- **Work to be completed**
In the entries below, the lines from the one with "Used Nissan Qashqai" through the one with "Thinking of someone" are to be copied exactly; both ends count.

- **Supplied data**

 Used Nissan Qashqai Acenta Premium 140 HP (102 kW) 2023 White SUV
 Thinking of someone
==
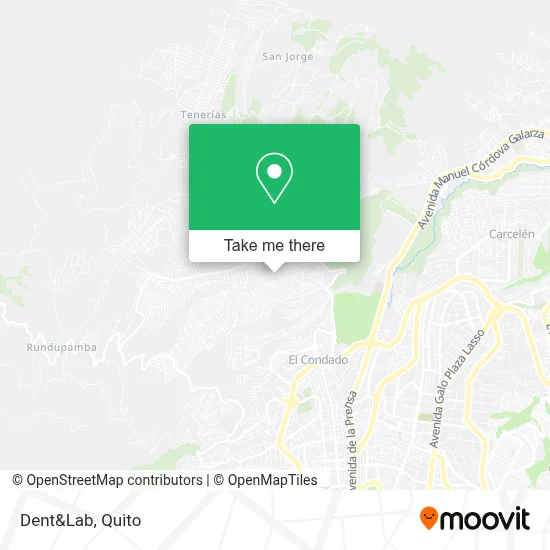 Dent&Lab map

- **Problem solution**
 Used Nissan Qashqai Acenta Premium 140 HP (102 kW) 2023 White SUV
 Thinking of someone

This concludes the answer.